Once upon a time, a terrible, terrible thing happened to me. It left me ashamed and scarred, unable to face my friends and family. I was 60 shades darker on the skin spectrum, and smelled vaguely of burned biscuits and coconut. Yes… I had a tanning disaster.
It all started during the December of 2015. A perilously pale Megan decided to fast-track her way to bronziness by lathering up with some Caribbean Tan tanning mousse (shade A, of course). I had been inside for most of November (exams) and really needed to be able to swim without blinding the others in the pool.
A watched a Youtube tutorial or two, but ended up strictly following Lauren Curtis’s demo of how she achieves an all over sun kissed look. To the tee. I did EXACTLY what she did. You’ll see why this is important later, and why it resulted in me never watching her channel again.
So that night, I awkwardly stand in my bathroom, desperately hoping no one will accidentally walk in while I wait to dry. I do stretches and splits and lunges and leaps in order to make sure I’ve gotten every little piece of my body (who wants a half-tanned back?).
All that I am now left with is what to do with my hands. These were the days before tanning mitts were really available in South Africa (or Dischem at least), so I had used my hands to spread the mousse. In the video, Lauren gets between every finger, knuckle and nail, so as to not have untanned hands. I reckon that I ought to do the same.
I go to bed very carefully, and try to move as little as possible so as to not mess up my soon to be bronzy bod. Come the next morning, I am dragged from the depths of my slumber by loud, obnoxious laughter. My brother.
He’s desperately trying to explain how funny I look, but in my sleepy state, I think “He’s just being weird because you’ve never tanned before”. You know, like how dads are weird when you first wear high heels? Look… Even half asleep I was desperate for this not to be true.
I eventually wake up fully and the first thing I see is my hands. Well, they look like my hands, except they’re brown. Not tanned, but CADBURY-FRIKKIN-CHOCOLATE-BROWN. No. LINDT-50%-COCAO-DARK-CHOCOLATE-BROWN. The rest of my body, my face, arms, legs, torso, are an absolutely terrible shade of dark orange, but in comparison to my hands, I don’t even care.

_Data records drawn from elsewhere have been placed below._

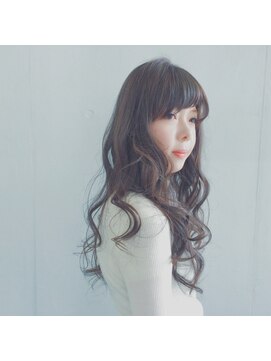 カッツヘアー(KATZHAIR) - -軽やかな流れるバングとアッシュカラーでイマドキロング - -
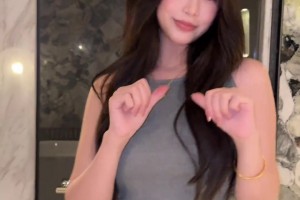 野球手老婆椰子刚生完娃，这人妻味太浓了！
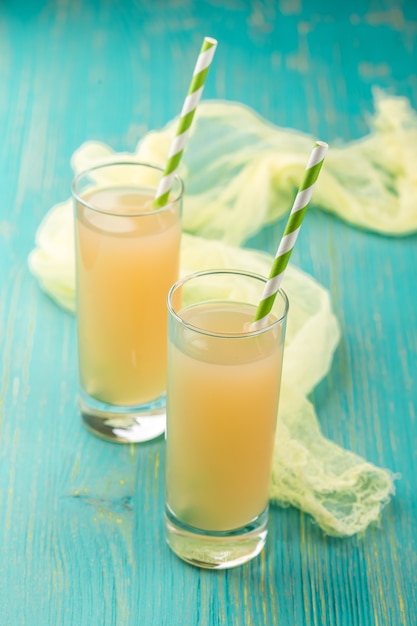 Limonada de lavanda con jugo de limón fresco sobre superficie azul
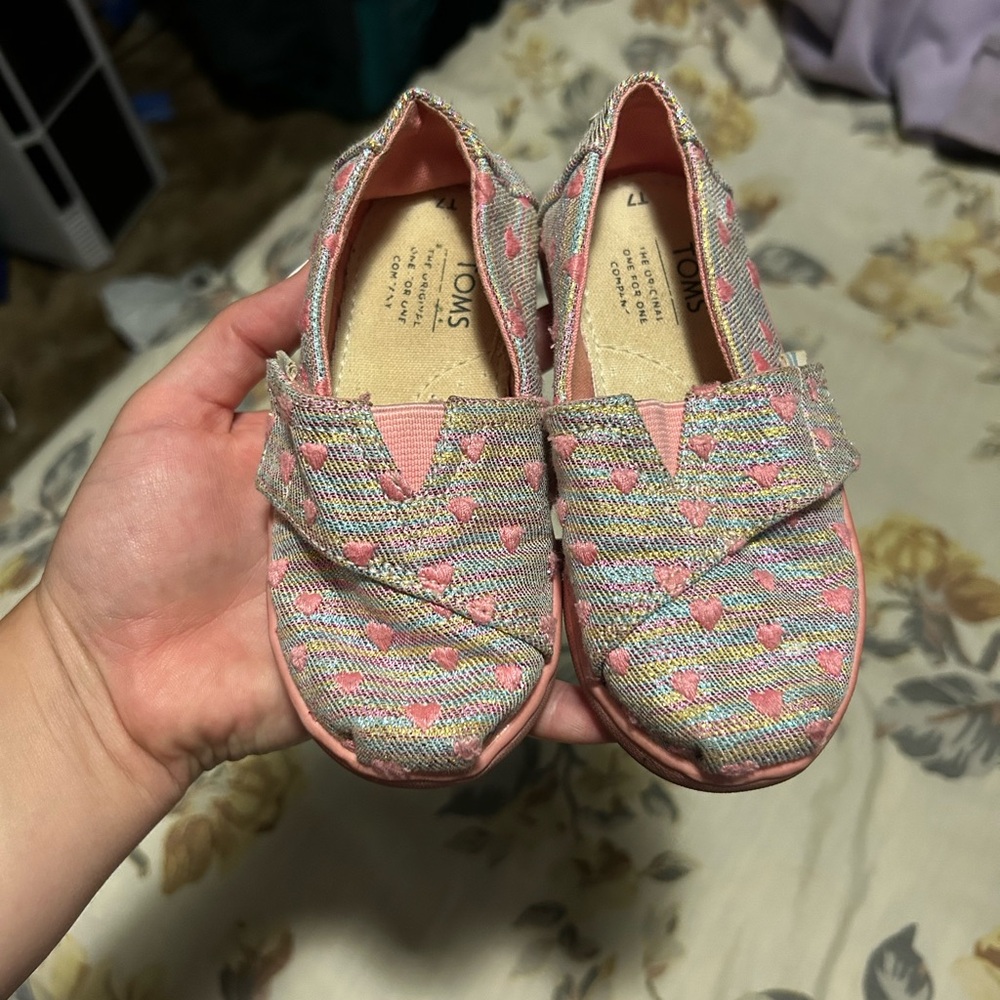 TOMS Kids Multicolor Heart Moccasins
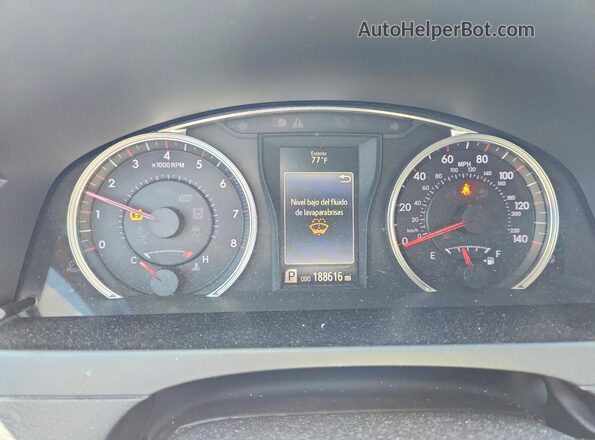 4T1BF1FK8GU592610 2016 TOYOTA CAMRY Gray ხელსაწყოთა პანელის ხედი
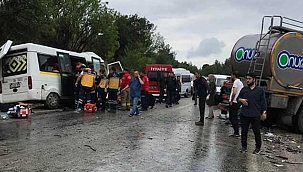 Düğün yolculuğunda faci gibi kaza: 8 ölü, 10 yaralı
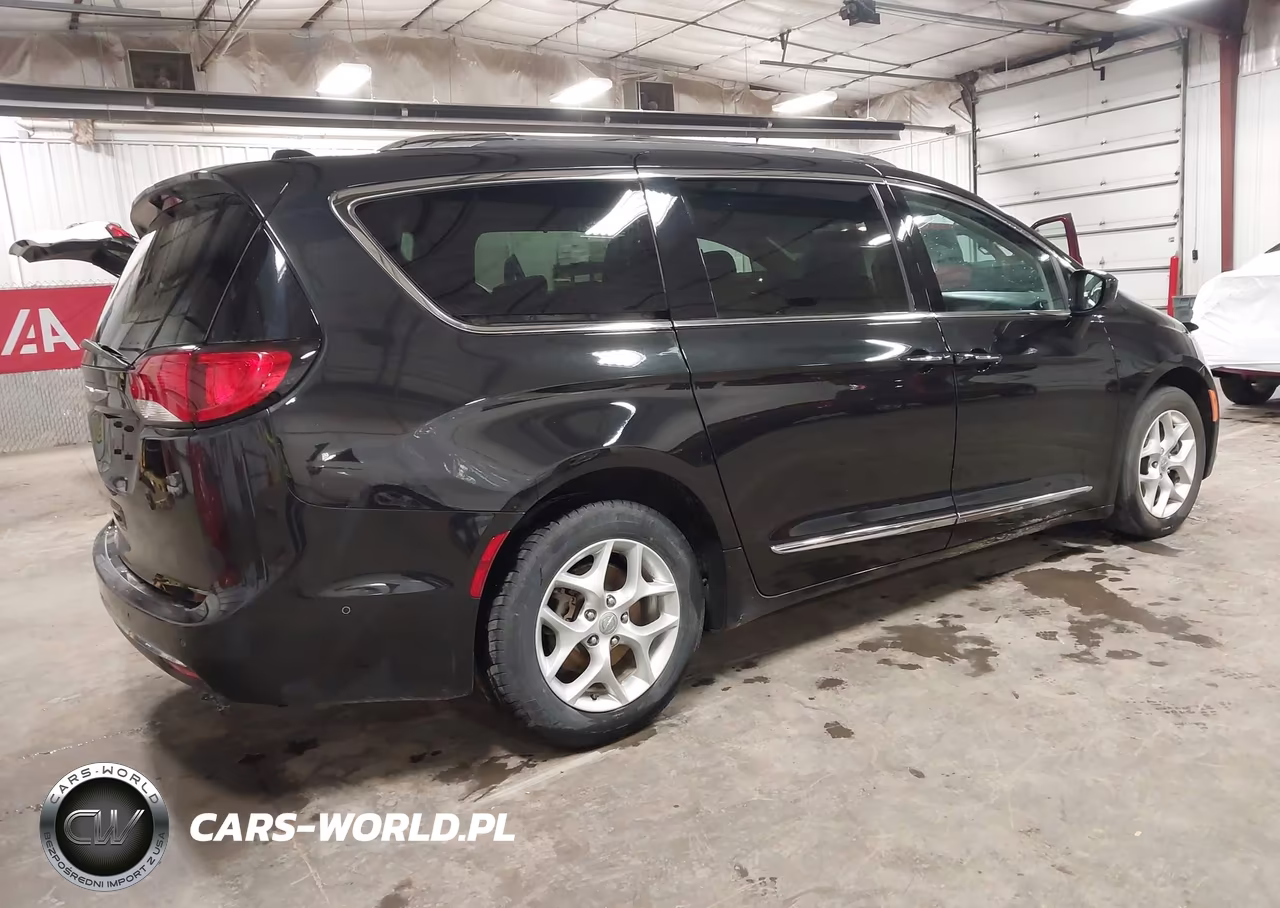2017 Chrysler Pacifica Touring-L Plus VIN:2C4RC1EGXHR652863 - 4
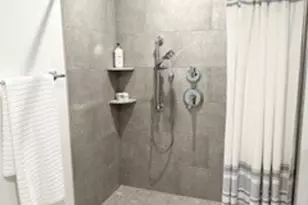 585 Essex St, Lynn, MA 01901 - Photo 7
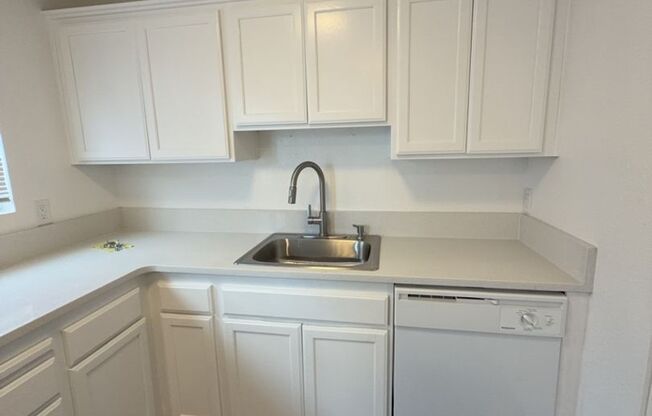 2 beds, 1 bath, 742 sqft, $1,575, Unit 3
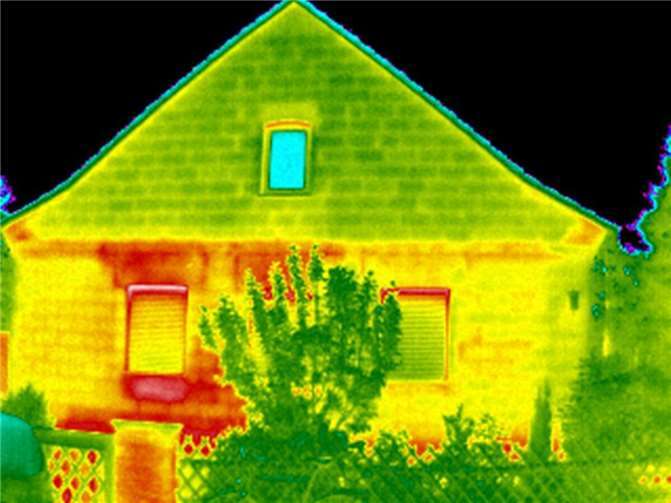 Im Wärmebild lässt sich erkennen, dass über Rollladenkästen und Fensterbänke der linken Haushälfte viel Wärme nach draußen gelangt (im Bild rot gefärbt).  Foto: Verbraucherzentrale Rheinland-Pfalz e.V.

Immediately I start to panic. First, after a quick Google, I use lemon juice. But after half an hour my bathroom is filled with halved lemons and I am still looking like a leather couch, while my hands look like I’ve dipped them in creosote. I abandon that, and move onto straight nail polish remover. I mean, if it can remove glitter nail polish, it can remove anything, right? Wrong.
My whole body is not burning from the abuse, and after a long while in the shower with a pair of exfoliating mitts, I’m looking only char-grilled. But my hands… oh my hands. They little suckers are clinging to the tan for dear life. Not a single ounce of improvement has been shown. They look like they took themselves off for a mud bath and left the rest of my body behind.

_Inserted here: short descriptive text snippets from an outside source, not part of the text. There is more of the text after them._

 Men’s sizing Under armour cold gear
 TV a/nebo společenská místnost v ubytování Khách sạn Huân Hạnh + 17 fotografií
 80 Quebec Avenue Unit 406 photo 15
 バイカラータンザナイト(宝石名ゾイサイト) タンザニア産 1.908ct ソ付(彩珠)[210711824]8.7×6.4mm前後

Over the following week I remain indoors as much as possible. I invest in long baths and lots of scrubbing, and eventually my body returns to normal, after having the top five layers of skin removed.
Now, I am only left with the tan gloves. The product has sunk into every nook and cranny, every dry piece of skin had absorbed the mousse like a sponge. Eventually I am forced to leave the house. My mom takes me to shop for Christmas presents, but for the life of me, I cannot face giving the Typo cashier my card. What will she think of my mahogany hands?
After drawing the process out, I spot the boyfriend of one of my friends. We aren’t close. We have only hung out once or twice. But that day, I trusted him with my debit card pin, purely to avoid the horror of anyone else seeing my hands.
On the way home from the ordeal, my mom has one final stop: her friend’s house. She promises that she is just dropping off flowers and that we “won’t go in”. She lied. Her friend insists we come in and my mother (who is generally lovely but this one time was quite evil) agreed. After hysterical laughter from both her and her children, I spend the tea date with my hands in a bucket of Milton’s, which she hopes will gently bleach away the tan.
Plot twist: it doesn’t. Eventually I end up having to use a pumice stone (the foot scrubby stone) to REMOVE THE SKIN ON MY HANDS in order to finally be rid of the Caribbean Tan curse.
Years later, I have perfected my tanning routine to now only look slightly bronzy when I wake up, and I always tan in steps, preferring it to be too light than too dark. But it took many months for me to have the heart to try again after that incident. I suspect it will take years for my family to stop tormenting me about that day though.